When Mr. Utterson meets Lanyon for dinner, Lanyon appears shockingly worse since they last met. He looks so bad, Utterson is convinced he will die soon. Lanyon explains that he’s had an experience that has changed him forever, altering his perspective on life and weakening his will to live. Lanyon’s words underscore a major theme in the novel: The human desire for mastery comes with a price.
“I wish to see or hear no more of Dr. Jekyll,” he said in a loud, unsteady voice. “I am quite done with that person; and I beg that you will spare me any allusion to one whom I regard as dead.”
When Utterson questions Dr. Lanyon about Jekyll, Dr. Lanyon tries to stop him. Lanyon’s voice is uncontrolled, demonstrating how shaken he is. The reader, just like Utterson, is shocked, since the last time Utterson saw Lanyon, Lanyon was vibrant and social. Lanyon’s character has gone from friendly to agitated, the cause a mystery to Utterson. His desperate closing words about Dr. Jekyll’s demise add to the ominous effect of reality beginning to disintegrate.

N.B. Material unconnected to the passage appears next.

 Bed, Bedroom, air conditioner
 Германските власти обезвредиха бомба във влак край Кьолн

“Upon the reading of this letter, I made sure my colleague was insane; but till that was proved beyond the possibility of doubt, I felt bound to do as he requested.”

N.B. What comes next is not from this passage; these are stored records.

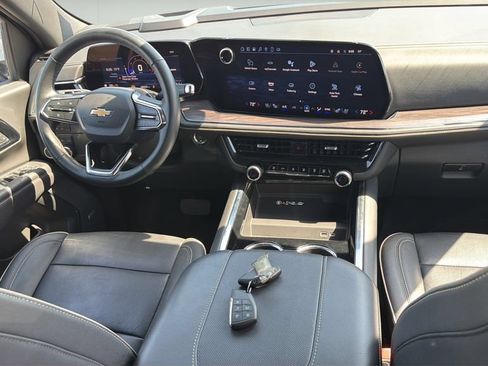 Used 2025 Chevrolet Suburban Premier RWD image 15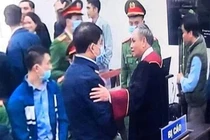 Chủ tọa bắt tay ông Nguyễn Đức Chung: Pháp luật tình người!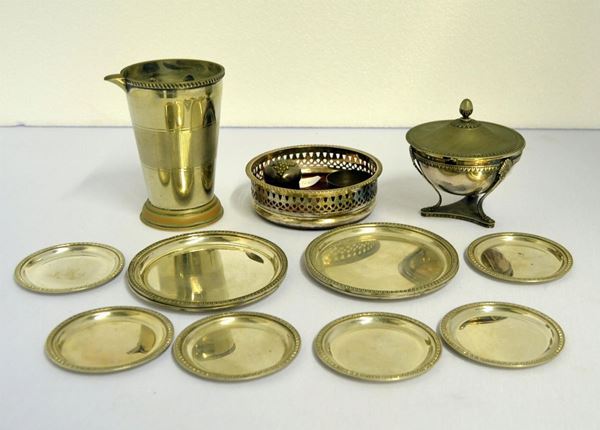 DODICI SOTTOBICCHIERI, QUATTRO SOTTOBOTTIGLIE ED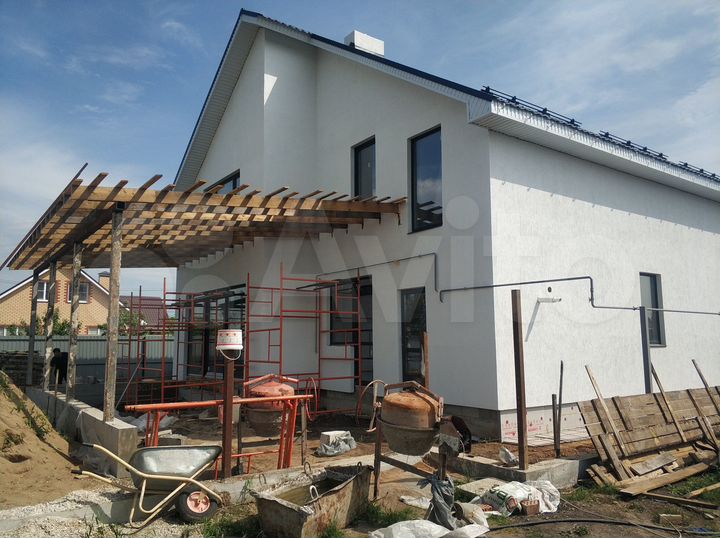 Коттедж 216 м² на участке 7,5 сот.
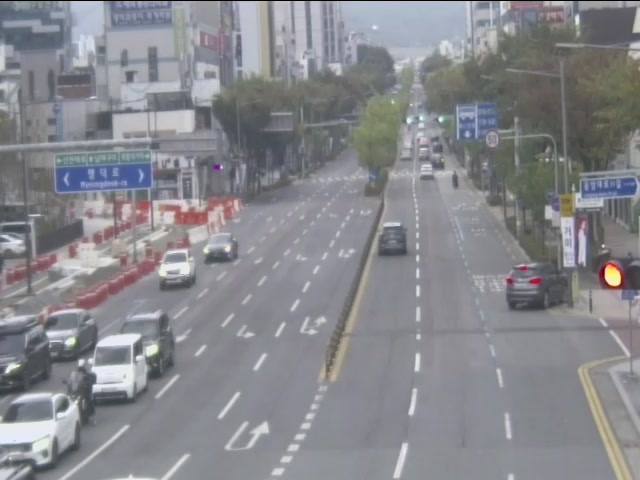 Myeongdeok Road, Daegu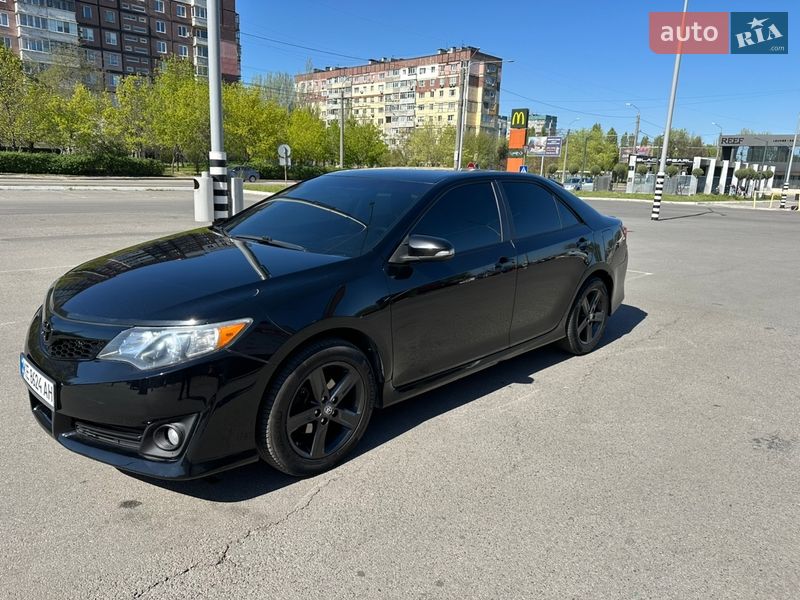 Седан Toyota Camry 2014 в Днепре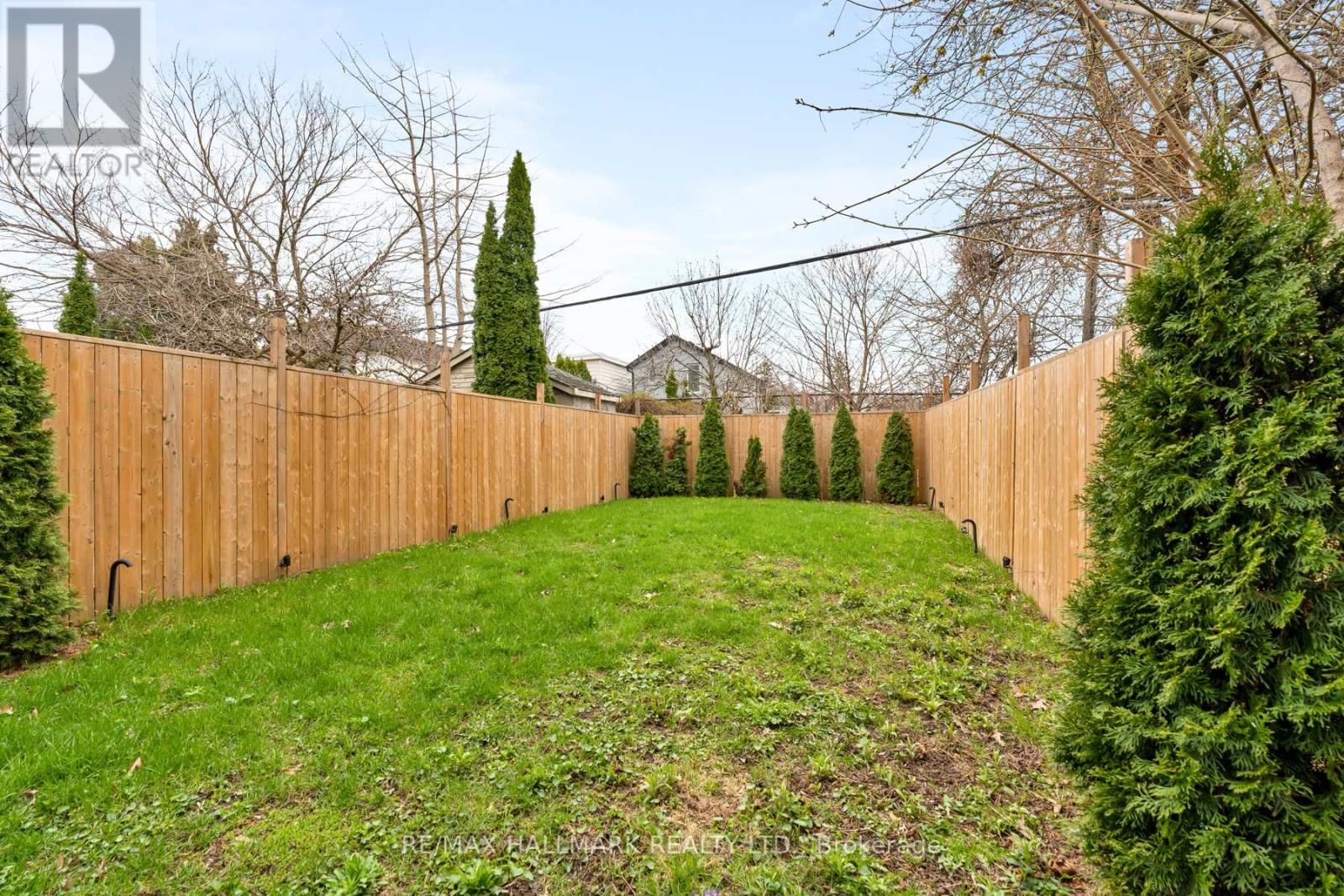 167 SAMMON AVENUE Image 40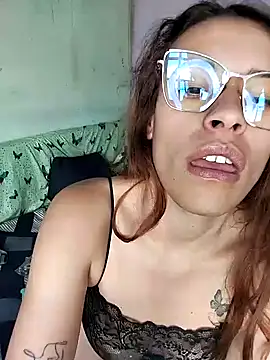 Snapshot of dahana0 chatting on January 29, 7:22 pm dahana0 online show from January 29, 7:22 pm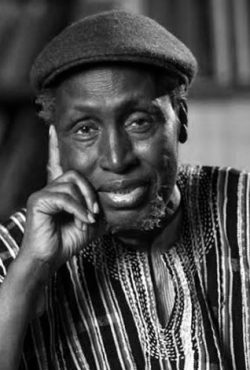 Ngũgĩ wa Thiong’o (Kenia): Escritor y pensador que renunció al inglés para escribir en su lengua materna (gikuyu), gran crítico del neocolonialismo.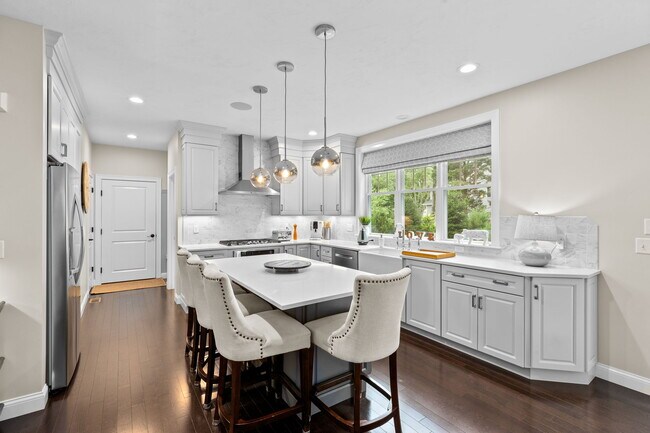 Building Photo - 6 Creelman Dr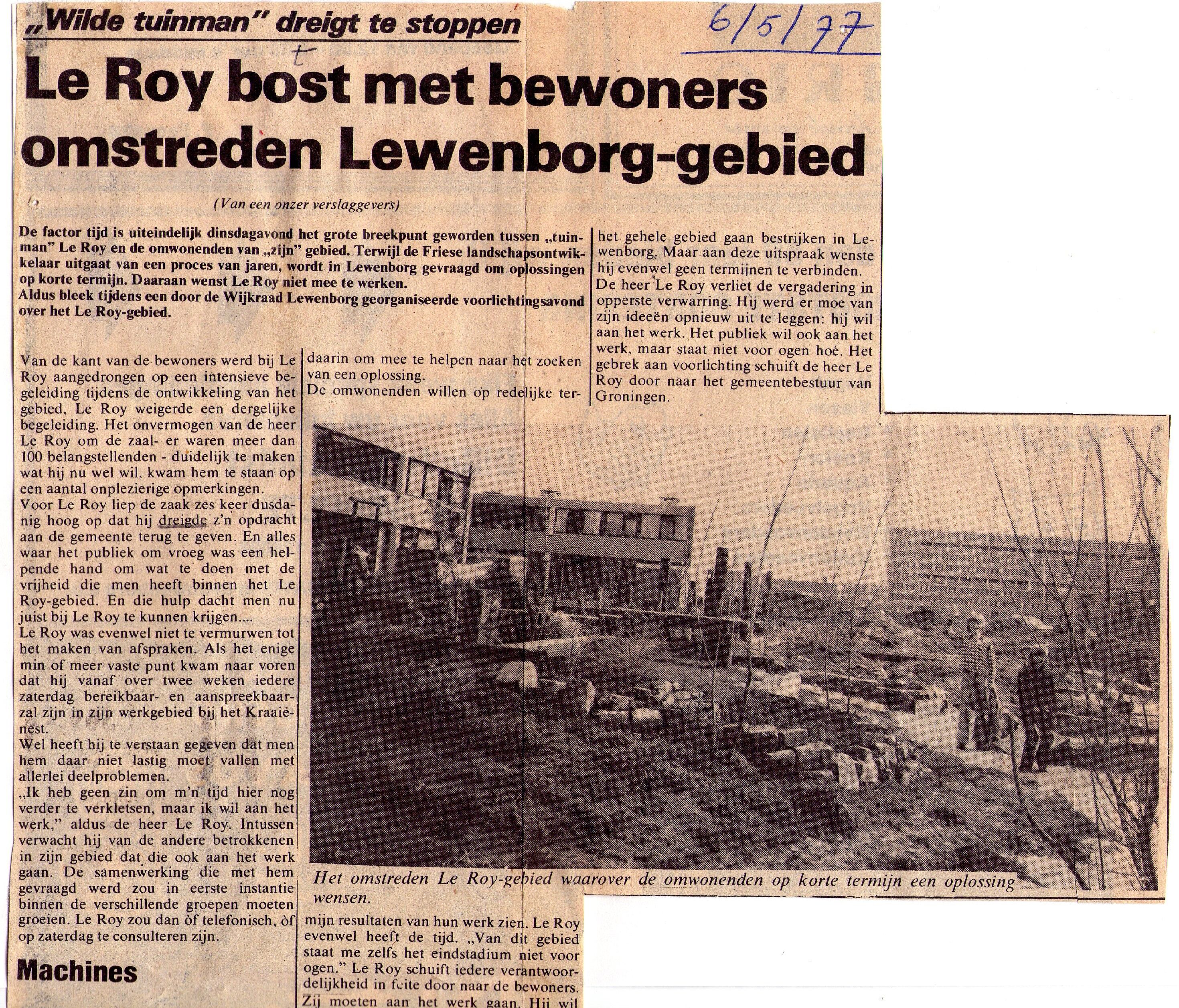 19770506_Le_Roy_botst_met_bewoners_omstreden_Lewenborg-gebied_001.jpg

Lanyon is explaining to Utterson why he decided to carry out Jekyll’s requests, even though Lanyon didn’t consider him a close friend. In the lines above, it is clear that Lanyon is doing it more out of curiosity than loyalty as he is convinced Jekyll is insane and wants to know why. Unlike Poole, who carefully avoids the dark side of life, Lanyon is pulled in.
“What he told me in the next hour, I cannot bring my mind to set on paper. I saw what I saw, I heard what I heard, and my soul sickened at it; and yet now when that sight has faded from my eyes, I ask myself if I believe it, and I cannot answer. My life is shaken to its roots; sleep has left me; the deadliest terror sits by me at all hours of the day and night; and I feel that my days are numbered, and that I must die; and yet I shall die incredulous.”

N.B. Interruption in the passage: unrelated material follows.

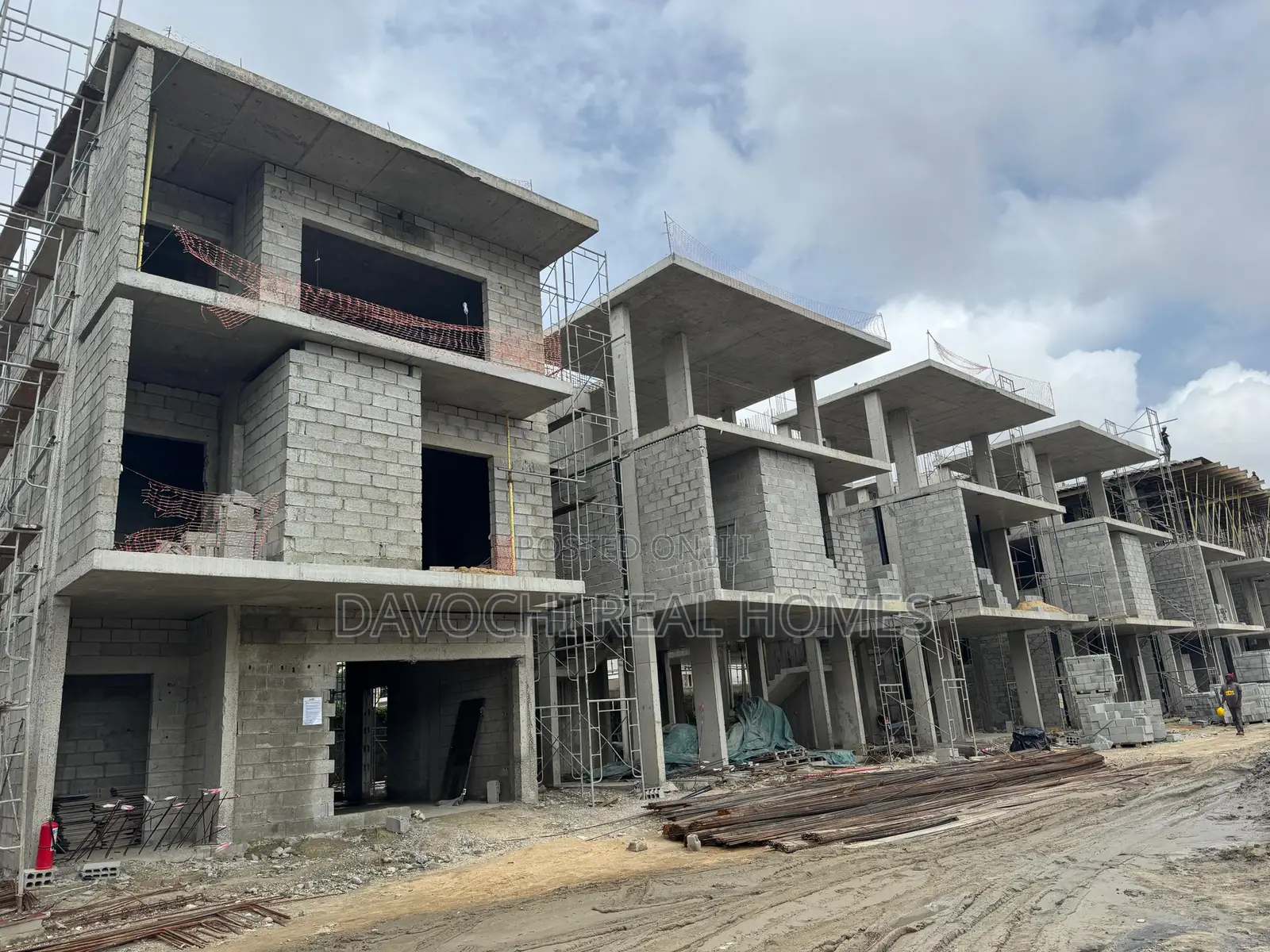 Luxurious 5 Bedroom Fully Detached Duplex in Banana Island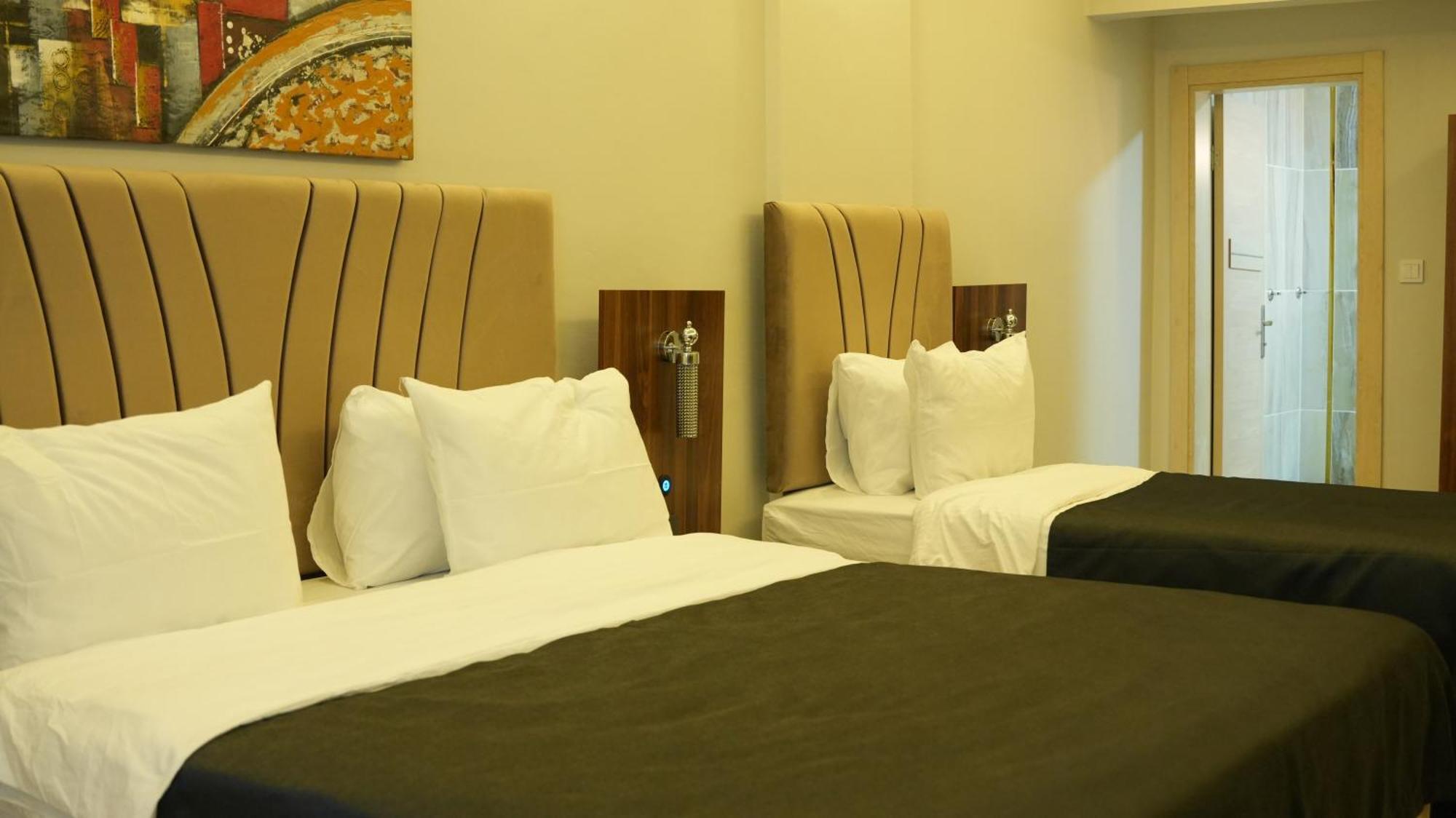 Grand Krone Hotel Cinarcik Luaran gambar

In one of Dr. Lanyon’s last quotes in the novel, it is clear that Dr. Lanyon would like to repress the supernatural event he witnessed when Jekyll turned into Hyde. As a scientist in the Victorian era, Dr. Lanyon cannot reconcile what he has understood with his rational mind with his sense of morality, and therefore regards Dr. Jekyll as dead.
“O God!” I screamed, and “O God!” again and again; for there before my eyes—pale and shaken, and half fainting, and groping before him with his hands, like a man restored from death—there stood Henry Jekyll!”
Dr. Lanyon’s words and recollection serve as the climax of the story. The question of Dr. Jekyll’s relationship to Mr. Hyde is resolved, and Mr. Utterson’s investigation is complete. Lanyon cannot reconcile to himself what he has seen and dies shortly after. Through Lanyon’s description, we see that Jekyll’s transformation into Hyde is like a man coming back to life, suggesting that each time Jekyll transforms, his other side truly dies.